Sesto Fiorentino, rivolta della comunità cinese. Proteste davanti al Palazzo di Giustizia

I carabinieri hanno eseguito due arresti di altrettanti cinesi accusati di resistenza a pubblico ufficiale mercoledì 29 durante i tafferugli a Sesto Fiorentino. Si tratta del titolare dell’impresa controllata che avrebbe tentato di impedire l’ispezione e di un altro connazionale, che dopo i primi disordini nel capannone, avrebbe cercare di impedire l’uscita di mezzi e ambulanze bloccando il cancello e aprendo il portellone di una delle ambulanze. Proseguono intanto gli accertamenti anche da parte della digos per ricostruire la dinamica dei disordini e le eventuali responsabilità dei singoli manifestanti.

Un gruppo di manifestanti cinesi intanto, meno di un centinaio, si sono riuniti davanti al palazzo di giustizia a Firenze dov’era in corso il processo per direttissima per due connazionali arrestati durante i tafferugli avvenuti a Sesto Fiorentino. I cinesi, da stamani, giovedì 30 giugno, si sono prima radunati all’interno del palazzo di giustizia fuori dall’aula dove si doveva tenere la direttissima, poi la maggioranza è uscita fuori dal tribunale dando vita ad un presidio nel corso del quale hanno issato uno striscione con le loro firme e la scritta “La legge è uguale per tutti, vogliamo giustizia”.

Il giudice ha convalidato l’arresto dei due cinesi arrestati ieri durante i tafferugli a Sesto Fiorentino. Nei loro confronti confronti è stato disposto l’obbligo di  firma per i reati di resistenza e lesione a pubblico ufficiale. La data del processo è stata fissata per il prossimo 26 luglio. I due arrestati sono il proprietario dell’azienda controllata e un suo connazionale che ha chiuso il cancello impedendo ai mezzi di soccorso di passare.

I manifestanti cinesi intendono chiedere al console a Firenze di poter organizzare un corteo di protesta per domenica prossima. E’ quanto si apprende davanti al consolato dove un gruppo che prima protestava al tribunale si è successivamente spostato. “Invece di arrestare chi ruba, la polizia controlla chi lavora”, dice uno di loro, tra i pochi a parlare in italiano, rivolto ai cronisti.

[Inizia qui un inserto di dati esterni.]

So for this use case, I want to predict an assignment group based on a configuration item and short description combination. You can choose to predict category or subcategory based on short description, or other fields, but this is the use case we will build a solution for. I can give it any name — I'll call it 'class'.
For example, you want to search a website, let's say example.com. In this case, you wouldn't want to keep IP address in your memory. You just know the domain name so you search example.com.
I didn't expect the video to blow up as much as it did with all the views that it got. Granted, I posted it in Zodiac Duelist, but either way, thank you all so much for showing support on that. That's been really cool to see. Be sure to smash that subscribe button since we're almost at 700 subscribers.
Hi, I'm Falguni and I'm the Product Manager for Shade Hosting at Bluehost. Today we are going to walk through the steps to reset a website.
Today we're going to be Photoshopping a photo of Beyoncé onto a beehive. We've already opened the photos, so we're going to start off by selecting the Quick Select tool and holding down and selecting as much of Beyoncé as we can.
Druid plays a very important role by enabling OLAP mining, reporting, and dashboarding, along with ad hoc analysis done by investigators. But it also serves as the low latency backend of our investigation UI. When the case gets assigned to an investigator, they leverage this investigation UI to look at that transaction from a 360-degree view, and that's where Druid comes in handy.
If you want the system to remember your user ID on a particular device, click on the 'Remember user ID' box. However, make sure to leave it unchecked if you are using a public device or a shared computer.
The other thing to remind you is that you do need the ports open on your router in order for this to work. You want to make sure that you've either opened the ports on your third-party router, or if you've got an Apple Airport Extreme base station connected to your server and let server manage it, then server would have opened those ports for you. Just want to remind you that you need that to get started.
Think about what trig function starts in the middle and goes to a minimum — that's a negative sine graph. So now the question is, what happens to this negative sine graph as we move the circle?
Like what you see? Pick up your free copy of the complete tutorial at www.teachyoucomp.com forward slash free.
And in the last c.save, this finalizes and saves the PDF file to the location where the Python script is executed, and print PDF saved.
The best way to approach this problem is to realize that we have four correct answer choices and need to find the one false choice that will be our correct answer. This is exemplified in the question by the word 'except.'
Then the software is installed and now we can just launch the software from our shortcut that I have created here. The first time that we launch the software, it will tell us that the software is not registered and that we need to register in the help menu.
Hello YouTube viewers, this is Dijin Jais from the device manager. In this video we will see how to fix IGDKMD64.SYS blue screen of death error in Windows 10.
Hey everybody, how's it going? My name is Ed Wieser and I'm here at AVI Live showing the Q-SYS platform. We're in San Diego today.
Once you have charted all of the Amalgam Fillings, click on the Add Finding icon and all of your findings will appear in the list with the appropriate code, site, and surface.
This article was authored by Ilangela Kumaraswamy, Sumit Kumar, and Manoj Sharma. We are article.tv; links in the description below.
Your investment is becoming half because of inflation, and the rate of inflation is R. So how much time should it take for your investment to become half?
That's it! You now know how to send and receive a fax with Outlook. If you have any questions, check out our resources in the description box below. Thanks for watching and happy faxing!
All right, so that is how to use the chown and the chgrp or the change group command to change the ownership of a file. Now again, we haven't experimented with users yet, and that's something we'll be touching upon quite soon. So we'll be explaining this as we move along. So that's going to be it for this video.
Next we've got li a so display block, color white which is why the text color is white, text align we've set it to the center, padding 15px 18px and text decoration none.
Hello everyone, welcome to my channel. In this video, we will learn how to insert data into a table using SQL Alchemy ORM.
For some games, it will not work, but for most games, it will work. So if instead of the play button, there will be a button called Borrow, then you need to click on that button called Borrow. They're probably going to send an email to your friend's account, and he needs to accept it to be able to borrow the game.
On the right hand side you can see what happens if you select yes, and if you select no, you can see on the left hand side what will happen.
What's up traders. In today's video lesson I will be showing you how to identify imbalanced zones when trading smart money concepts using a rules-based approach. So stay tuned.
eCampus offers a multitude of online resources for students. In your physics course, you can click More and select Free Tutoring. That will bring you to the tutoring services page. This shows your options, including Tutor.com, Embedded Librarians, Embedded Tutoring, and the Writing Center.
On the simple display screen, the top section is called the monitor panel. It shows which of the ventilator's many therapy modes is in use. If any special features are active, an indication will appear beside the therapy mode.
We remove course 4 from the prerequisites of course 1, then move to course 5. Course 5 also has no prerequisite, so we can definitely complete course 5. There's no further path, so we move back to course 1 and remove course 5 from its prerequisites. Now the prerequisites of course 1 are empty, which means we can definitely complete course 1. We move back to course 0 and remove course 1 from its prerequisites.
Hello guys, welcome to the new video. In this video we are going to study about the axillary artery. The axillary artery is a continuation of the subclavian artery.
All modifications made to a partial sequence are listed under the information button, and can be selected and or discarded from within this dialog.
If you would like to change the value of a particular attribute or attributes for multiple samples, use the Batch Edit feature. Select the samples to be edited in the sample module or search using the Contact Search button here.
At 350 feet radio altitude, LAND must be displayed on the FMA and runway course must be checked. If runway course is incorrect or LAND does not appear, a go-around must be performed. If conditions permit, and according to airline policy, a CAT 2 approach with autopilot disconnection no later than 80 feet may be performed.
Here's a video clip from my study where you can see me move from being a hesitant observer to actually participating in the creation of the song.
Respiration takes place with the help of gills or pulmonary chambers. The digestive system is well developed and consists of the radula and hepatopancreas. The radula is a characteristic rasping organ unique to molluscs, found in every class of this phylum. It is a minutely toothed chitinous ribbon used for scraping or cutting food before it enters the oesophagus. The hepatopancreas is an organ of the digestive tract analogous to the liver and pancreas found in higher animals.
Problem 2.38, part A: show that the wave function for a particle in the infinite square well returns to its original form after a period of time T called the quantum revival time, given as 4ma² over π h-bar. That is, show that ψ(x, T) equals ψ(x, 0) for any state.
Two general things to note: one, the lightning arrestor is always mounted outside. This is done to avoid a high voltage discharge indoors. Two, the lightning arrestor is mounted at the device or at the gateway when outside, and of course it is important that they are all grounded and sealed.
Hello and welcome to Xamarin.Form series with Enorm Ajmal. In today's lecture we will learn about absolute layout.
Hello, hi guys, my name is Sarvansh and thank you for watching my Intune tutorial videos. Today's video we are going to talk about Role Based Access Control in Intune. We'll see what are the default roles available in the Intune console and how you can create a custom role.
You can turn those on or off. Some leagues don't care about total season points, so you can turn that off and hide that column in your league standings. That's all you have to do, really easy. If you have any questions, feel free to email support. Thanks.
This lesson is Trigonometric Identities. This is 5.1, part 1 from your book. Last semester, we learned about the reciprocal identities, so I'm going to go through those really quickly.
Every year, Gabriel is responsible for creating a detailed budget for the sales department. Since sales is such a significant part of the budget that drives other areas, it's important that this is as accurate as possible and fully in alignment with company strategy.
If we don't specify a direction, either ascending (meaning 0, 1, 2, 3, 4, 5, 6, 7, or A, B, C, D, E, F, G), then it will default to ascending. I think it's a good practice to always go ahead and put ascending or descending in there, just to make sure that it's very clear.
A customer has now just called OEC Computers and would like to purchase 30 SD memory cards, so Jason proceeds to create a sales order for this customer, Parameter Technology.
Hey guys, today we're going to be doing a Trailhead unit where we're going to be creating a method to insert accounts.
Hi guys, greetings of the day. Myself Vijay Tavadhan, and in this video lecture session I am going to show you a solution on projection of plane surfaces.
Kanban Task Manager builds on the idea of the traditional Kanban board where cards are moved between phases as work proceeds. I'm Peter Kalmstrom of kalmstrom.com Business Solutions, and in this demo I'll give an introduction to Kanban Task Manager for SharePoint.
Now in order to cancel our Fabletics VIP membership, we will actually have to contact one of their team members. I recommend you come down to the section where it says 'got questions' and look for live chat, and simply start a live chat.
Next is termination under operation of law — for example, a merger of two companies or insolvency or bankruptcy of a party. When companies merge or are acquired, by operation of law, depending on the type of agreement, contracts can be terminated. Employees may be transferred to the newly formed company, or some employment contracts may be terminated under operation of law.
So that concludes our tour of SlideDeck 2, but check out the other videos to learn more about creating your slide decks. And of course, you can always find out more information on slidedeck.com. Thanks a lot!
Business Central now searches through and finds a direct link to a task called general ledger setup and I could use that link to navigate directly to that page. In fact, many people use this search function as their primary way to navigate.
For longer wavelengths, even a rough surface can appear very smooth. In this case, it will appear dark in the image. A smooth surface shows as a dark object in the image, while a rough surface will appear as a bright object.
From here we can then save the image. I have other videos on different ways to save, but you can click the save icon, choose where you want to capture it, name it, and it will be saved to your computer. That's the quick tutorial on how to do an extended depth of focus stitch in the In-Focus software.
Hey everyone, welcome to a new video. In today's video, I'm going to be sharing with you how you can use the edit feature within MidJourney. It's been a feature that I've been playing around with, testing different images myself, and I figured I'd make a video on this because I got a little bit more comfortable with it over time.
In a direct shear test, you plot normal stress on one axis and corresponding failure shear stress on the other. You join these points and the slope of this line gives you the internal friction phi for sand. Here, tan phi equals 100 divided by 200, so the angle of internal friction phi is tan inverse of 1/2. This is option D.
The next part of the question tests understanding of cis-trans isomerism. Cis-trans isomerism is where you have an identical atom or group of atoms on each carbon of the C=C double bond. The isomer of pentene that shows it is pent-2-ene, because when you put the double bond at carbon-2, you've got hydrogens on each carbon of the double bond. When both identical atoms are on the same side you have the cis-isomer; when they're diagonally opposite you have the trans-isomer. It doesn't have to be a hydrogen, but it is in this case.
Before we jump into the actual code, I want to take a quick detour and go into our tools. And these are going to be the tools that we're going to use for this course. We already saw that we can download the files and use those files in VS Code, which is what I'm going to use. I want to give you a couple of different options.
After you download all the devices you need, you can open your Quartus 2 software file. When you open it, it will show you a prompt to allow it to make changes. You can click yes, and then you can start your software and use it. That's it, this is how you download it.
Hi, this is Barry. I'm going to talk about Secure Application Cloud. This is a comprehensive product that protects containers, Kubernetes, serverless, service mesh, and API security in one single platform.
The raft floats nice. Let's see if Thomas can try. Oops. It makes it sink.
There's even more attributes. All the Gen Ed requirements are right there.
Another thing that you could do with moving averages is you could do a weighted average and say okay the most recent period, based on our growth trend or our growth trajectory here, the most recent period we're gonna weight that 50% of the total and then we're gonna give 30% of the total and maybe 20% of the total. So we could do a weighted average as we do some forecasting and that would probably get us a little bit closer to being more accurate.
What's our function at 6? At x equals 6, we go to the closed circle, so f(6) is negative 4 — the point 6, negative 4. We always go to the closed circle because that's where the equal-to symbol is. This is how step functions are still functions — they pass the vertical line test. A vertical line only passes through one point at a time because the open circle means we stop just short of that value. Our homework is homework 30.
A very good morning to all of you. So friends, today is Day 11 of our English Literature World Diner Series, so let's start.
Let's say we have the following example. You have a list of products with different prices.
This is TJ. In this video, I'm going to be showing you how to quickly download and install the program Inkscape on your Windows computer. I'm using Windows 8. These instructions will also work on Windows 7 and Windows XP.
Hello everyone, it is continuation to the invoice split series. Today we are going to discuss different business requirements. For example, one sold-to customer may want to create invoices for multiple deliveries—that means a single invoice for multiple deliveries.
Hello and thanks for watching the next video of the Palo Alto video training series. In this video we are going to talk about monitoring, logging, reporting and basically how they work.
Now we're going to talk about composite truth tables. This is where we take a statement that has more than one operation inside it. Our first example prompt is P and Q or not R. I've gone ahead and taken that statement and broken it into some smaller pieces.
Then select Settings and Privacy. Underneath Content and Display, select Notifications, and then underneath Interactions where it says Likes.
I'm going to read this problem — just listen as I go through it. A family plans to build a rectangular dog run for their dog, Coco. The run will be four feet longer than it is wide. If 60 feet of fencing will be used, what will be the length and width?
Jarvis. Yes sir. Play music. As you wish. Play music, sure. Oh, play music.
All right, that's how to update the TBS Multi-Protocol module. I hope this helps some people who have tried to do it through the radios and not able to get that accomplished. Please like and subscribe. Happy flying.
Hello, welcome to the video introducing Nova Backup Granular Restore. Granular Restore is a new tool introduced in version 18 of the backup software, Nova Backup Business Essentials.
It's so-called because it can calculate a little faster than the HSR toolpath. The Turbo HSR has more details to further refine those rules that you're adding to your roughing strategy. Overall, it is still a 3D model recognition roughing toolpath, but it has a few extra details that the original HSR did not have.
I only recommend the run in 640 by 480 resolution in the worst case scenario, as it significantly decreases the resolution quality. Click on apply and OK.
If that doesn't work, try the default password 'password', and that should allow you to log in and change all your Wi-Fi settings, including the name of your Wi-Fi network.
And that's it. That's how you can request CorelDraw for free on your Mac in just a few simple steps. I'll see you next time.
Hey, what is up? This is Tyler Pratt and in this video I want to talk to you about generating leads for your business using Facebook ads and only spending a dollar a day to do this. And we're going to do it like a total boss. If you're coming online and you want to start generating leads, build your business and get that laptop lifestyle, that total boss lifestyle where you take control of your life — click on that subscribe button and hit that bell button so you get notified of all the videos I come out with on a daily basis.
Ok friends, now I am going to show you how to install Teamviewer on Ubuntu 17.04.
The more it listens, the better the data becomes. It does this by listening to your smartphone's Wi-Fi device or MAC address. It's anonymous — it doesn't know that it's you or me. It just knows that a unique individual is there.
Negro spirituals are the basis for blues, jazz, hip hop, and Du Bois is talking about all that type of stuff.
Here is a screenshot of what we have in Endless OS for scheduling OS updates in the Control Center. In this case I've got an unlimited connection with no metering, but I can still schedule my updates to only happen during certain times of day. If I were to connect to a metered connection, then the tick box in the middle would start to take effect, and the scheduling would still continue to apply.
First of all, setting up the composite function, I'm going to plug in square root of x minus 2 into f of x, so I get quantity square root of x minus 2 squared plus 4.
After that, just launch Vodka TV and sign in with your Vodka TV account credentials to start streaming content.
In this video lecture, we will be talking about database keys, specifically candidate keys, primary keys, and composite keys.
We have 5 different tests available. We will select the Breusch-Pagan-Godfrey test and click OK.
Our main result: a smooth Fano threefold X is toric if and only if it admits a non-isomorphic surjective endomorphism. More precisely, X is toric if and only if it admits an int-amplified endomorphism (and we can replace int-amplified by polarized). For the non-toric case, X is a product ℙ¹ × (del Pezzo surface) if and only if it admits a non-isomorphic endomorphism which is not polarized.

La situazione a Sesto Fiorentino era tornata alla normalità dopo le due della notte scorsa. I cinesi che hanno dato vita ad una rivolta a cui sono seguiti tafferugli sono stati dispersi dalla polizia e altri si sono allontanati da soli nelle vie limitrofe a piazza Marconi. Dopo l’ultima carica sono rimasti contusi in modo lieve due poliziotti e un carabiniere. Feriti, tutti lievi, anche tra i manifestanti. La protesta era cominciata verso le 18 di mercoledì sera con i primi tafferugli tra agenti e alcune decine di cinesi ed ha poi assunto toni concitati con il passare delle ore.

LE REAZIONI

Il presidente Enrico Rossi. “Un controllo della Asl in un’azienda cinese a Sesto Fiorentino provoca una rivolta e scontri con le forze dell’ordine. Sia chiaro: il progetto della Regione Toscana per la sicurezza sul lavoro andrà avanti”. Lo afferma il presidente della Regione Toscana Enrico Rossi su Facebook, dopo la rivolta dei cinesi, di mercoledì 29, contro i controlli nelle loro fabbriche previsti da un apposito piano regionale per garantire sicurezza e legalità. “Nè per la sicurezza, nè per l’ambiente, nè per le tasse devono essere consentite aree di illegalità – aggiunge Rossi -. Eguali nei diritti e nei doveri. Chi ha sbagliato dovrà pagare”.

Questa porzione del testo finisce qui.